Have Fun with it: Word games to shake up your process and get you out of writers’ block
So you’ve been trying to come up with some new ideas, or turning over that same piece of work for weeks now, and it just doesn’t feel like inspiration is coming your way. We’ve all felt like this, I think, and we can agree that ideas can come from the least likely places – something you overhear, something found in a pocket, a billboard on your drive to work – but what if you’re just not finding them? This post introduces a few ideas that are excellent ways of playing with words, freeing up your process and creating the circumstances in which new ideas might present themselves.
The dice game
I sometimes use this idea in workshops as a method for ‘writing a poem by chance’. You need at least six lines of poetry, and you need to generate them somehow. Looking at an image might be a good way of doing this – on a postcard or online, for example, choosing a picture you haven’t looked at before. I’ve also used playing cards or tarot cards in workshops to further connect with this theme of chance. Once you’ve free written for a while inspired by your image or card, you need to pick the six lines you like best, and number them 1-6.

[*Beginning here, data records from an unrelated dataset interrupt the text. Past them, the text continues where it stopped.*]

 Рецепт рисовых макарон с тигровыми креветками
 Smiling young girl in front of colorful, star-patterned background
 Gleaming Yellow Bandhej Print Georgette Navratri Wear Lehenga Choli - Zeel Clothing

We now come to the dice. In order to create your poem, roll the dice six times and for each roll, write down the corresponding line. You may find there’s a repeated line (or more than one) but nevertheless write them down faithfully. See what you end up with. Does it read like a poem? Is there a line you like in it, or an image? Sometimes that’s all you need to start you off in a new direction.

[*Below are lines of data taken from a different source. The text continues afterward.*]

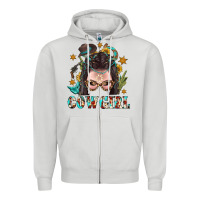 Dove Grey Western Cowgirl Braid Hair Zipper Hoodie - BundleAndBundleShop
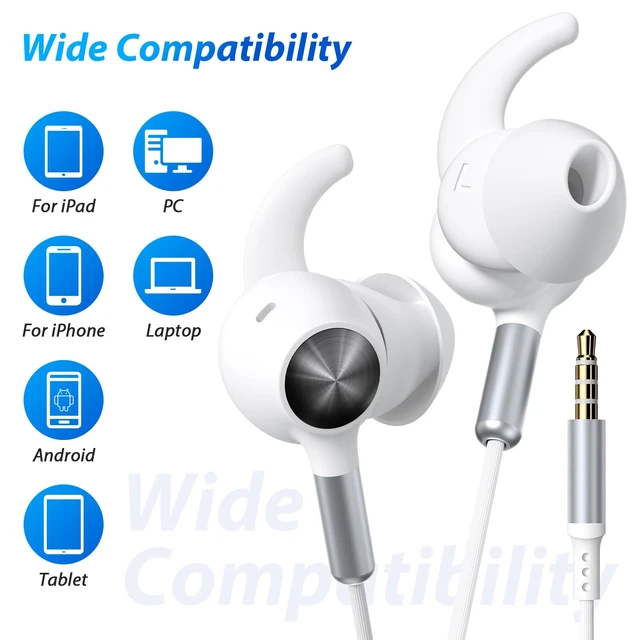 Alt view image 6 of 7 - 3.5mm Earbuds Wired Headphones Secure Wingtip,4.9FT Noise Canceling 3.5 MM | Jack Earphone,Airplane Travel Head Phone in Ear Buds for Chormebook Computer PCfor Moto G Stylus Power Play for Samsung A15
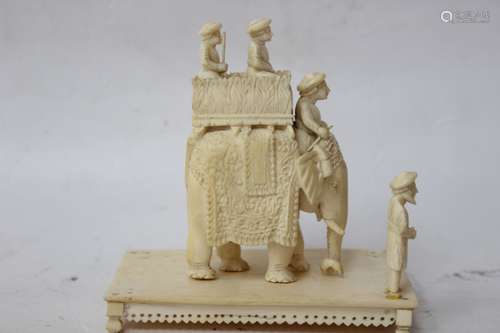 Bone Carved Elephant and Figurines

Popular with the likes of the Dadaist movement and William Burroughs, cut ups involve cutting up existing texts and repositioning them around each other. The technique involves taking two different texts, tearing them down the centre, and positioning two half-pages as if they are one page, then reading through or writing them out as one, and seeing if there are lines, ideas, or images that interest you as a starting point. The Dadaists tended to use fewer words on the page, and so the outcome would often be a cut-and-paste poem of sorts. You could make it four quarters or sixths instead of two halves to incorporate more texts, but you’re bound to come up with a starting point or a starting line somewhere.
This method is suggested by the photo illustration – you can take any text and a pen and black out letters to form a poem, just as Austin Kleon has in the image above. There are plenty of great examples of erasure or ‘blackout’ poetry in the world – the American poet Mary Ruefle has published books of it and describes it as a joyful creative experience, something she sits down to do every day if she can.

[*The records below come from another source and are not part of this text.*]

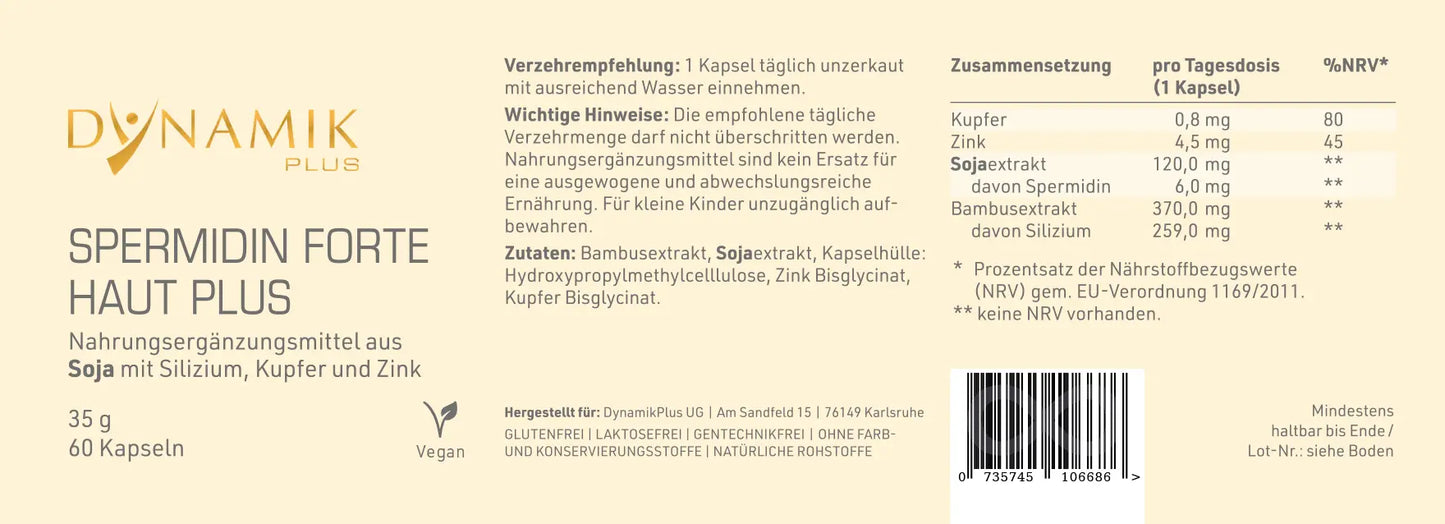 DYNAMIKPLUS Etikett "Spermidin Forte Haut Plus"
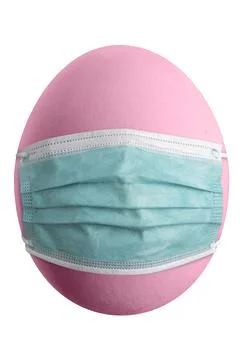 Large picture of an colored easter egg with a corona mask. Foto stock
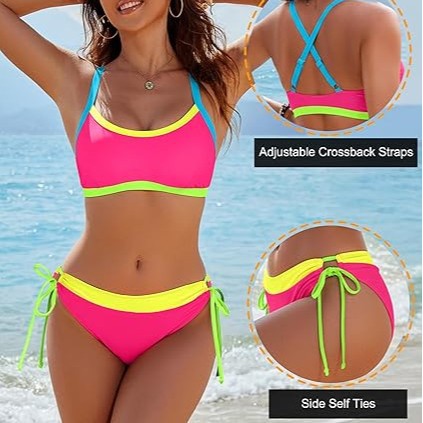 Damen Bikini-Set mit bunten Akzenten und verstellbaren Schnüren Drune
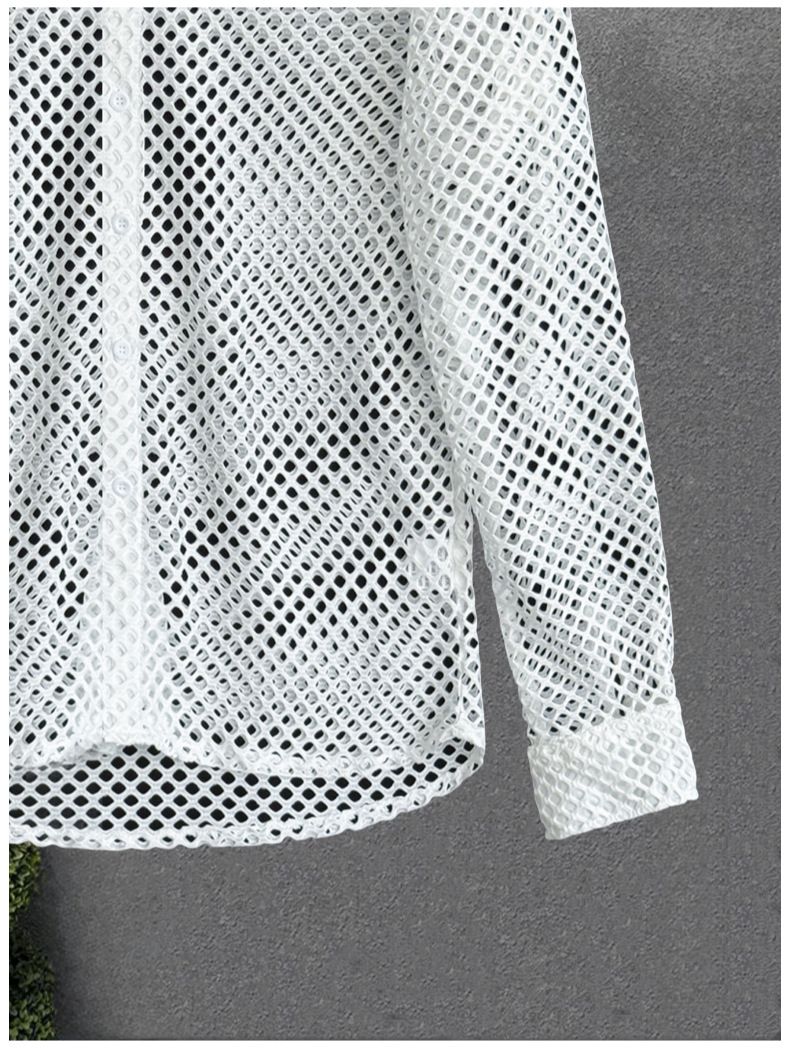 Camicia a maniche lunghe traforata in rete da uomo, elegante e traspirante, per il palco e lo streetwear_voghion.com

Be warned though – erasure definitely isn’t as easy as it looks. Often I am completely paralysed by the choice of words that are in front of me, and it can take me a long time to choose them and work out how the poem is going to go. It’s such an absorbing activity that it’s a really good choice for taking your mind elsewhere and letting creative thoughts spring out. The visual / digital possibilities are pretty intriguing too – check out this book of erasure poems that use Twitter as their starting point.
N+7 is a writing technique that first came about as part of the Oulipo movement, who used rules and writing constraints as a major part of their writing practice (one of them, Georges Perec, wrote an entire novel without using the letter ‘e’, if you really want a challenge). N+7 is the process of taking all the nouns in an existing piece of work and counting a forward by a certain number nouns (traditionally 7, but you can choose) in the dictionary and replacing them. Here’s an example, using the first three lines of a poem by me, titled ‘How We Miss Them’.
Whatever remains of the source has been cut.